The EPA’s effort to reduce carbon emissions by 30 percent will take the war on coal to the next level, and will probably inspire a new round of retirements. The industry has significantly reduced its emissions of sulfur oxides, nitrogen oxides, and other toxic pollutants by installing scrubbers and other mitigation equipment. But scrubbers can’t scrub carbon. The Obama stimulus did help finance several efforts to capture and store carbon from coal plants, a rare deviation from the administration’s regulatory war on coal, but so far those “clean coal” projects have been uneconomical despite the extremely generous federal subsidies.
“Coal is dead,” says Jon Wellinghoff, who served as chairman of the Federal Energy Regulatory Commission from 2009 until 2013. “Nobody wants a new plant, and the old ones are going to shut down one by one. I just don’t see a future for coal in the U.S.”

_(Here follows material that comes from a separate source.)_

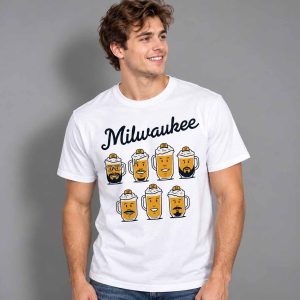 Brewers Beer Mugs With Player Numbers Baseball Shirt 2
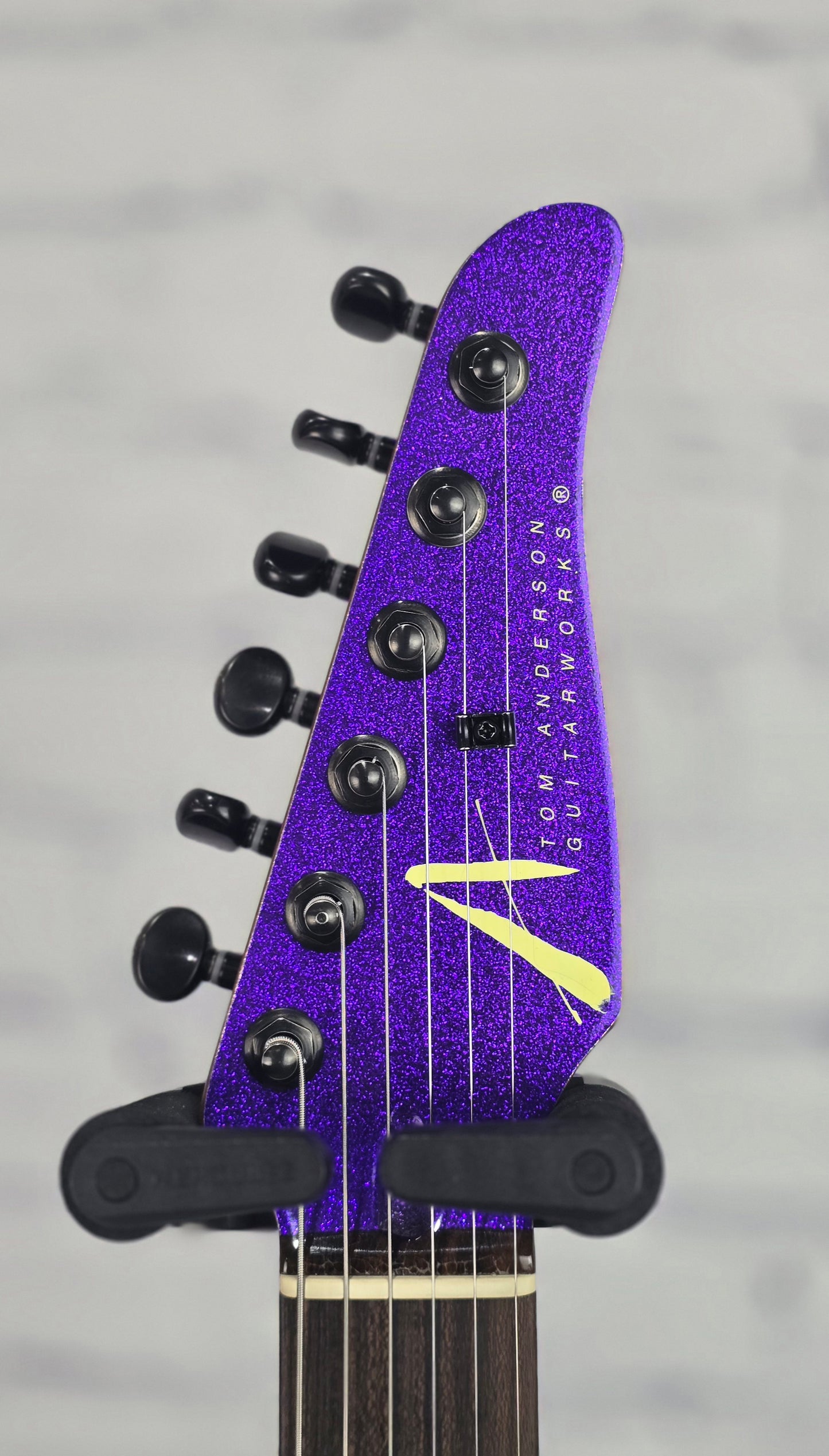Anderson Guitarworks Guardian Angel Player 6 String Electic Guitar Big Sparkle Purple In-Distress Level 2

But if coal is no longer the cheapest source of electricity, it is still the largest source, and existing coal plants still have one big advantage over planned wind and solar farms: They’re already built. It’s hard to say that coal is dead when it still has 275,000 megawatts of capacity that isn’t scheduled to retire. The industry warns that the war on coal will ratchet up utility bills in coal-dependent regions, while threatening the reliability of the grid. Coal provides 24-hour “baseload” power whether or not the sun is shining or the wind is blowing; the U.S. electricity supply barely kept up with demand during the extreme freeze created by last winter’s “polar vortex,” and a new wave of coal shutdowns could further limit supply.
“Last winter, the grid was pushed to the edge,” says one industry official. “With these new regulations, it could get pushed over the cliff.”
The National Mining Association, the U.S. Chamber of Commerce, and other coal-friendly groups are already raising alarms about gigantic rate increases. But they’ve always raised alarms about gigantic rate increases whenever they’ve faced new regulations; that industry official admitted “there’s been some crying of wolf in the past.” Dirty coal-fired electricity will get somewhat more expensive, which is appropriate, since its price ought to reflect the hidden costs of its dirtiness. But even the nightmare scenario posed by a new Chamber study—an 0.2 percent hit to annual economic output—seemed relatively modest compared to the apocalyptic rhetoric that accompanied it. And the EPA noted in a response on its website that three fourths of the Chamber study’s “alleged cost estimates” came from carbon-capture requirements for gas plants, which will not be included in the new rules.
Those rules, after all, will be aimed at coal plants, even though Obama is likely to obfuscate about that politically inconvenient truth tomorrow. In the 2012 campaign, he actually ran ads reminding Ohio voters of Mitt Romney’s long-ago crusade against a massive coal plant in Salem, Massachusetts. “That plant kills people,” Romney had said, accurately, at a 2003 news conference.
Not anymore, though. On Sunday, as Obama prepared for one of the biggest moments of his presidency, the Salem Harbor Station shut down after more than sixty years in operation, the latest casualty of a just but undeclared war on coal.